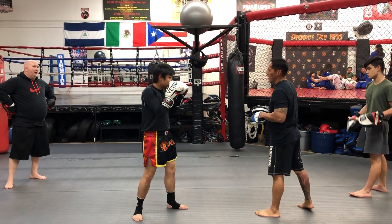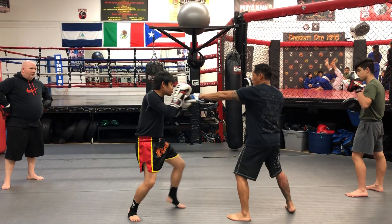Catch and shoot. You're going to pair the rear hand jab with the knee hand. Catch, shoot.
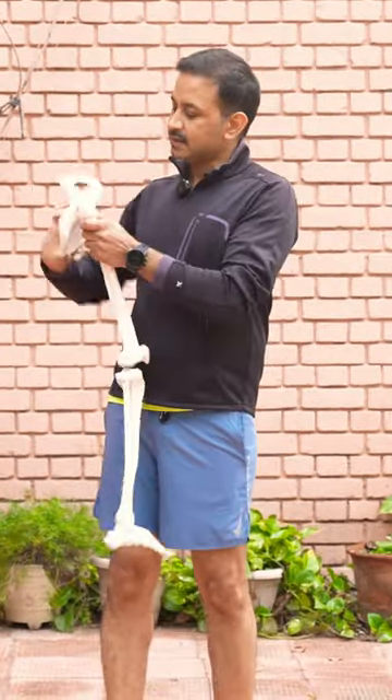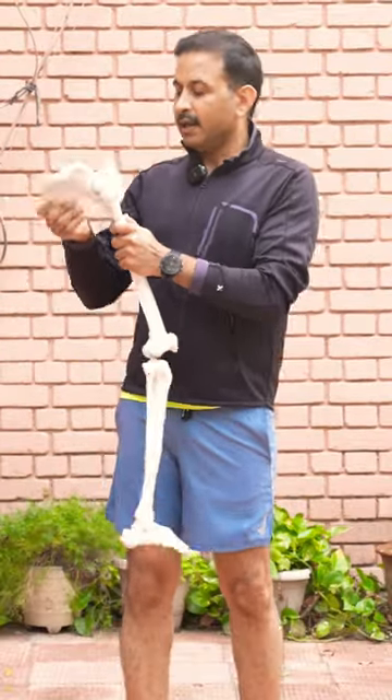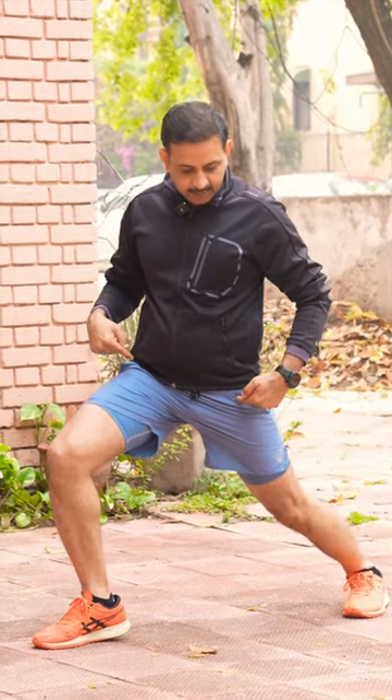The hip joint is a ball and socket joint. This is the pelvis and this is the ball of the hip joint, and this is how it moves. If any of the movement gets affected because of any problem or injury, then it is a problem. The movements possible at the hip joint include flexion and extension — this movement is freely possible in a normal hip joint.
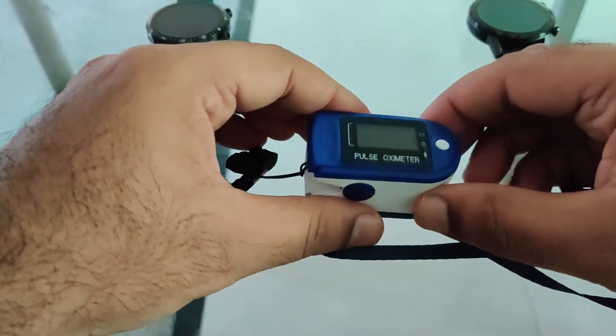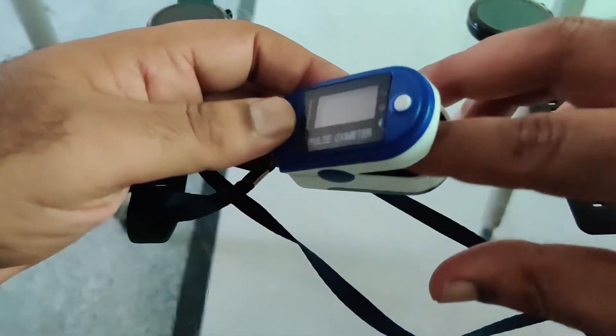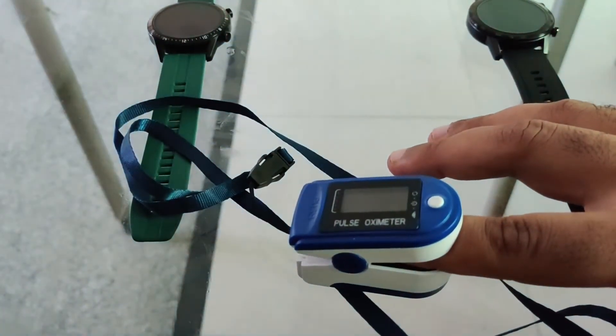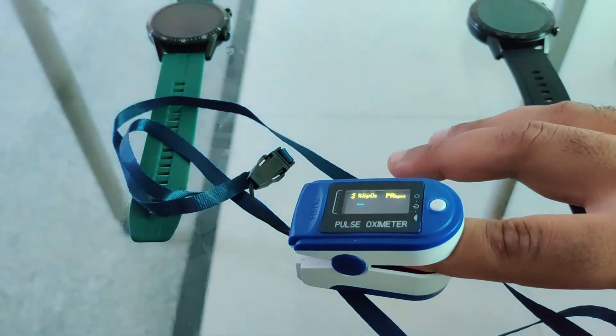The first in the list is a finger type pulse oximeter. These devices measure the oxygen saturated hemoglobin relative to the total hemoglobin in the blood. So let's quickly measure my oxygen level as well as the pulse.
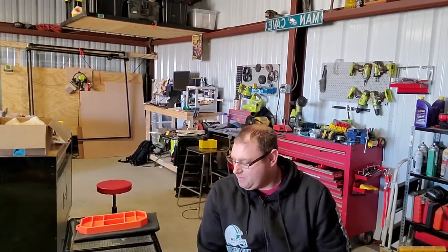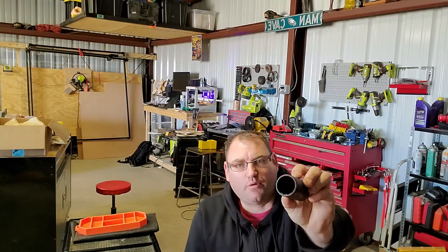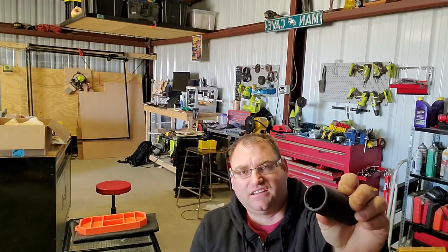What's up guys, Brick here with another brick tip. We're going to talk about impact sockets. One of the biggest mistakes I've seen people make is using a 12-point on a rusty bolt. This is a 12-point — as you can see, it's got a lot of negative space.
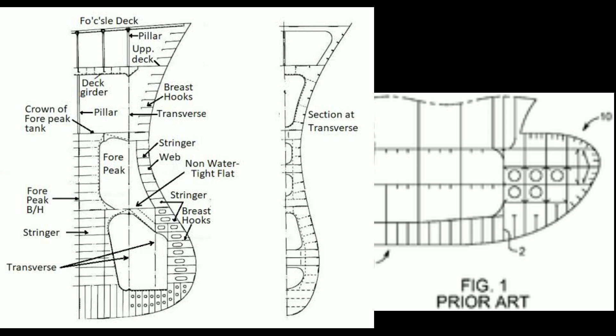Numerous holes are cut into the structure to ensure all parts can have access. Wash bulkheads are provided for reducing the surging effects. This much is important from the topic of bulbous bow and I hope you have liked it. Thank you.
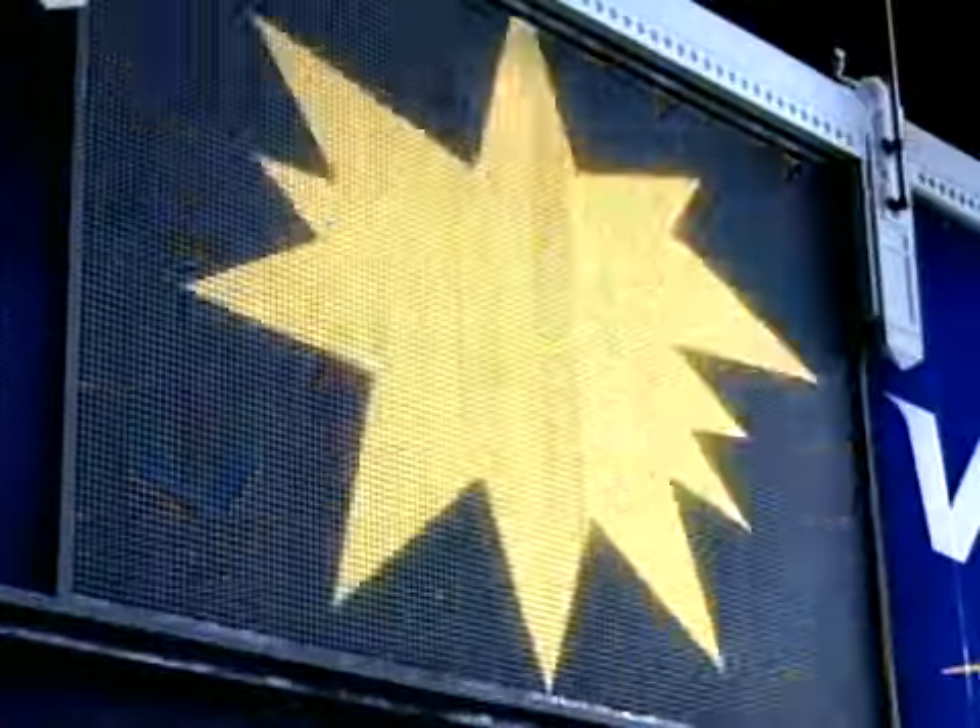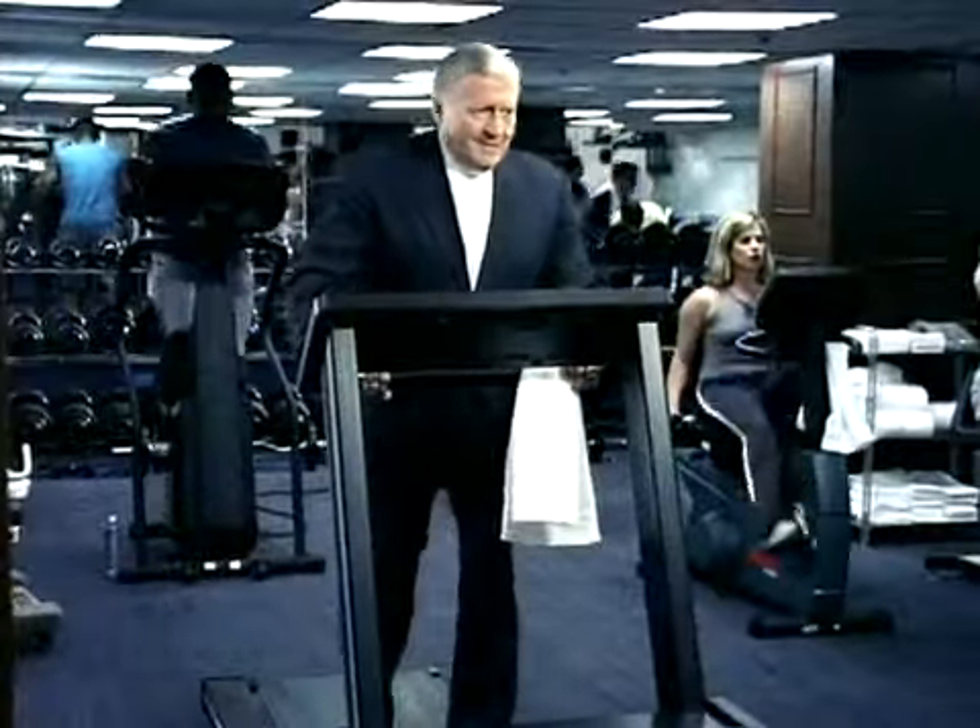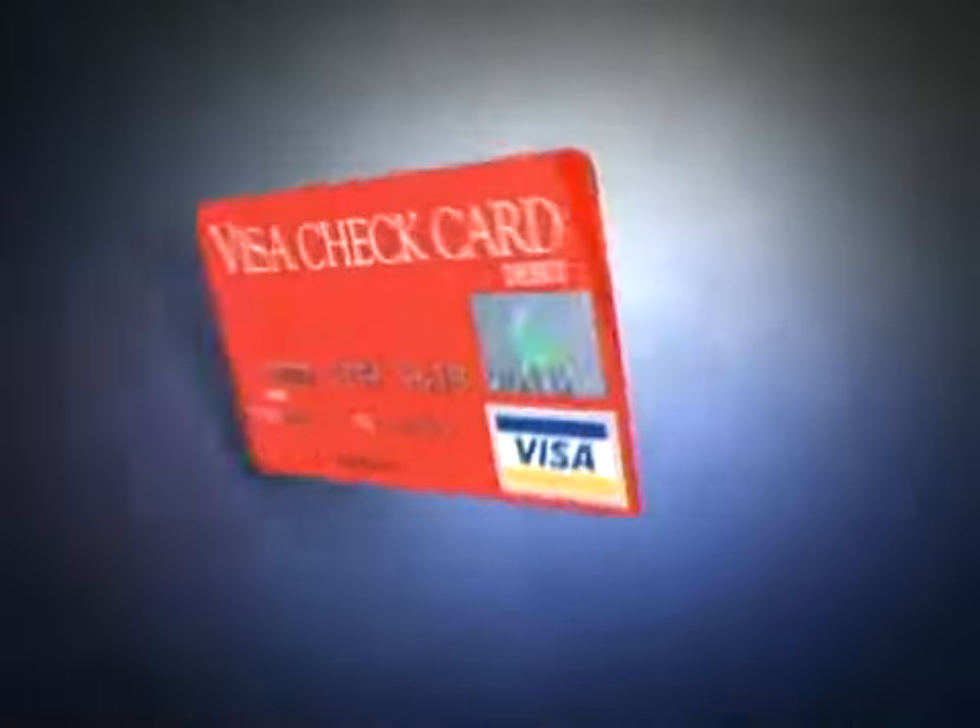The Visa Check Card can automatically pay some monthly bills on time — like electric, cable, telephone, even your health club. That's Tory with two R's. The Visa Check Card can give you a check-writing arm a break.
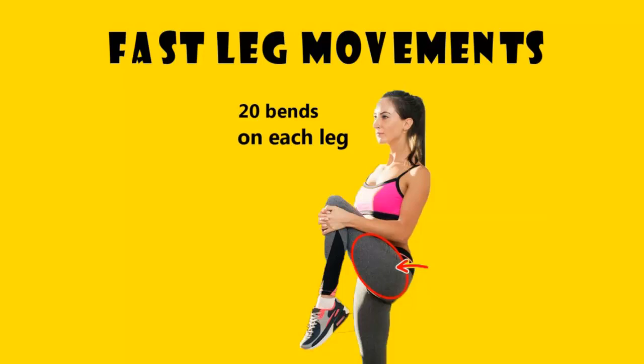Fast leg movements: quickly raise and lower your right leg, then your left. Continue doing the exercise bending your legs and bringing your knees as high up and as close to your chest as possible. Without leaning forward, your toes should be kept lowered.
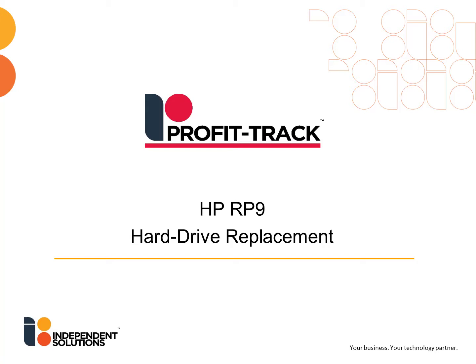Welcome to Independent Solutions. Today we're going to go through the HP RP9 hard drive replacement and how to pull the cover off the back of the HP RP9 chassis to get into the hard drive.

• **Work item**
Skip the pictures and quote each line of the entries above, from the first through the line with "The first in", exactly as it appears.

• **Written answer**
Catch and shoot. You're going to pair the rear hand jab with the knee hand. Catch, shoot.
The hip joint is a ball and socket joint. This is the pelvis and this is the ball of the hip joint, and this is how it moves. If any of the movement gets affected because of any problem or injury, then it is a problem. The movements possible at the hip joint include flexion and extension — this movement is freely possible in a normal hip joint.
The first in the list is a finger type pulse oximeter. These devices measure the oxygen saturated hemoglobin relative to the total hemoglobin in the blood. So let's quickly measure my oxygen level as well as the pulse.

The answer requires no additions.